On a personal note, I can love most anyone. Loving is easy, yet the ability to love at that capacity has taken years of personal work. You see, whether you can acknowledge that you have baggage from the past is on you but let me fill you in on something. Everyone has excess baggage and if it isn’t addressed, it becomes too heavy to carry plus it interferes with relationships in the here and now. Why? It is due to having unsettled business with one’s life’s experiences. Moreover, the real challenge in relationships is about how to enjoy a person for how he or she presents him or herself, albeit as it may. Wearing a mask and going along with general niceties in order to be accepted or even liked is deceptive. Moreover, that is another thing altogether–especially if relational trust has been recklessly and foolishly destroyed, more so on a whim without further thought given to that whim as to how the partner will be effected. Doing so is very selfish, unkind, and nothing a genuinely caring person would do to another, that is, if he or she had a conscience at all.

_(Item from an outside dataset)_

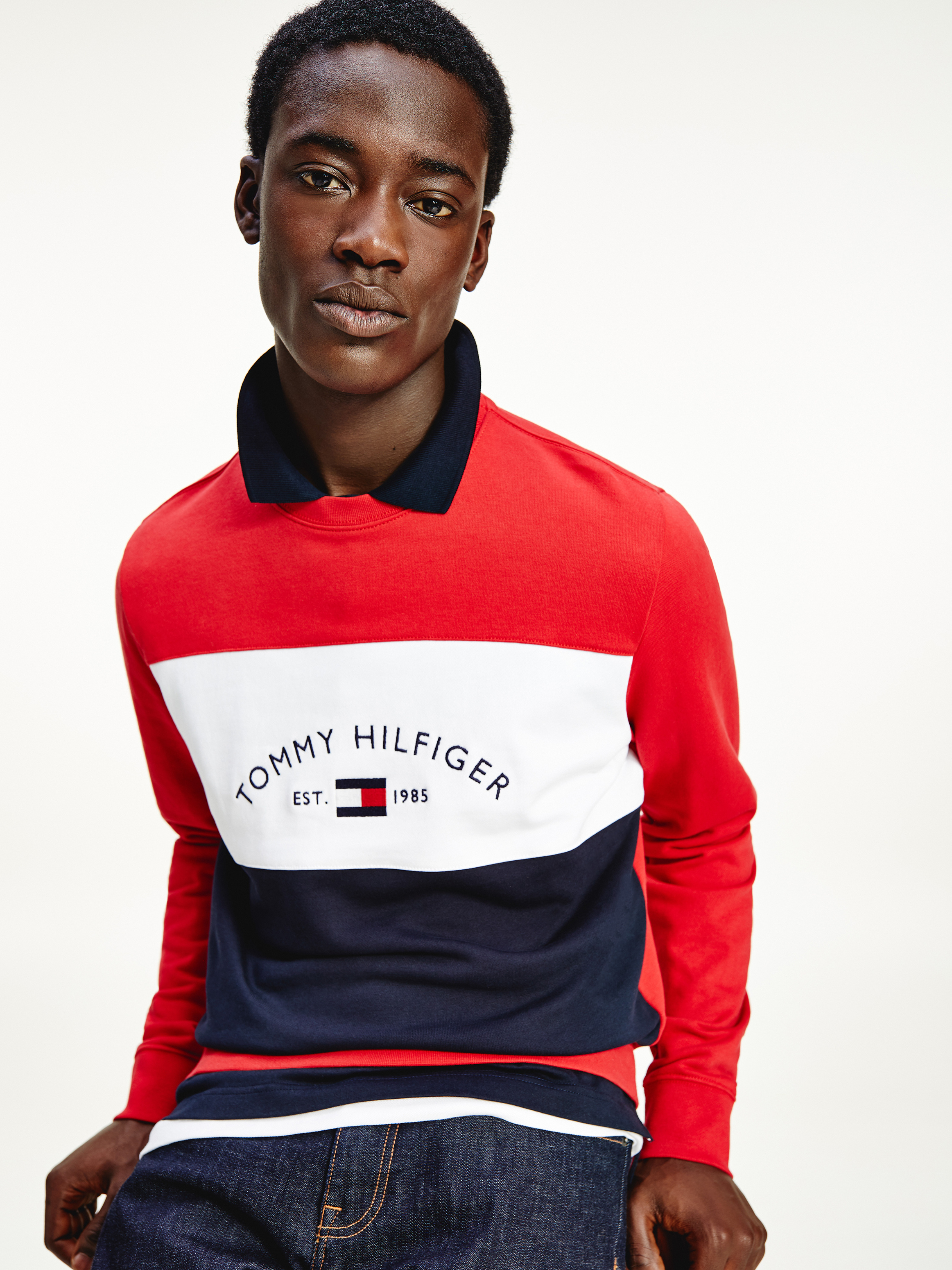 Colour Blocked Logo Sweatshirt Knitwear Tommy Hilfiger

Additionally, since I’ve chosen to use myself as an example here, let me also tell you that anybody can take advantage of my good sense of humor once, after that, try it again and you’re history. My sense of humor becomes depleted quickly in that sense. I’m nobody’s clown but a real caring and feeling human being who laughs when I’m happy and cries when I’m saddened. Emotionally healthy people are comfortable in their own skin. We respond like that on a daily basis. On the same hand, have you ever seenn the dandruff commercial on TV that speaks about not having a second chance at a first impression? The message behind that commercial applies. For some, can be the proverbial straw that broke the camels back if you’re not real careful. And when that happens to me, I promise you, one can anticipate an a confrontation by me and it won’t be pleasant, either. My reaction to it is obvious to a blind person, I’m that clear in my thoughts and speech. Additionally, you won’t need to worry about me because when I’m through, I’ll be the first one making the exit at the first fork in the road. You see, it’s my attitude that I have more fun things to be doing than contending with foolios who don’t have a grip on how to manage personal relationships. I can also smell a game player from far away.

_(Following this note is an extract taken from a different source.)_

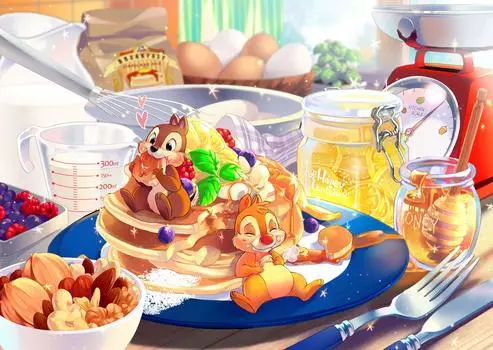 Tenyo в пазле из 108 деталей Disney Chip Dale Sweet Temptation В комплект входят клей и лопатка. В комплект входит сервисная карта [Сделано в Японии] и (18,2x25,7см)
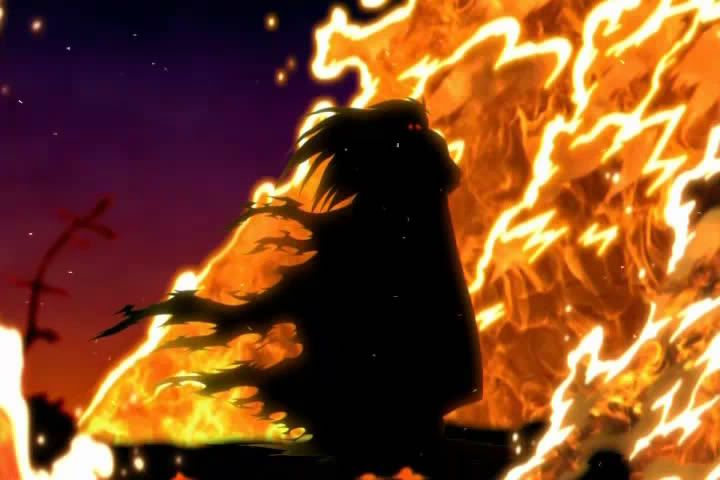 Alucard stands in the flames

Sure, parting ways will cause emotional injury but that will heal, in time. Soon, another will be filling the role of a responsible, dependable, and altruistic partner. That’s how relationships work. It doesn’t matter what type of relationship it is.
For those who don’t connect the dots very easily, the answer to my blithering is in #2 and briefly mentioned again at #7 to the article in the hot link provided. Both refer to character. What kind of character are you? Are you trustworthy and genuine? Are you loyal and/or authentic ? Or, are you a shady, shyster type of character?
Whomever or whatever it is that you stand for, my friend, is your journey, not mine, so do as you will. I have my own path to walk. When you realize that it’s up to you to make that decision then leave me out of your doings and start walking the talk. I have greater fields to plow. I am single and never alone, moreover, life is good. I’m a happy camper and hope that you learn how to become one yourself.
Related:
As Time Goes By
On a more light hearted note, watch:
The perfect Man and Woman
Originally posted 2007-11-17 16:59:00. Republished by Blog Post Promoter










November 18th, 2007 on 1:48 am
What qualifies me to comment? Well I was married for 10 years, divorced (not good!) and now with one of the best girls in the world. Totally with you on this…Fols seem to focus on the Wedding not the marriage, the party not the process and commitment. At my wedding the vicar said marriage is like a garden it needs tending every day otherwise the weeds grow….And if they do well, there are two of you in the garden!…
If I learned anything from the experience it relates to ‘common mindsets..I know they can change over time, but even that is a ‘mindset’ that both need to be aware of of. Sometimes we ‘connect’ with people for only a short time and if we ‘marry’ at the point then we run the risk of the weeds growing…
Hope this makes sense…
RR
November 18th, 2007 on 1:58 am
Git on, RR! Of course it makes sense. I mean like who else can qualify it but you. You have experience and you’re not bitter about it. It just is what it is. Things happen that will either make us or break us. But you know what? As long as we’re doing what’s right for ourselves, the rest will take care of itself.
^5!
Thanks, Big Guy.
~:o)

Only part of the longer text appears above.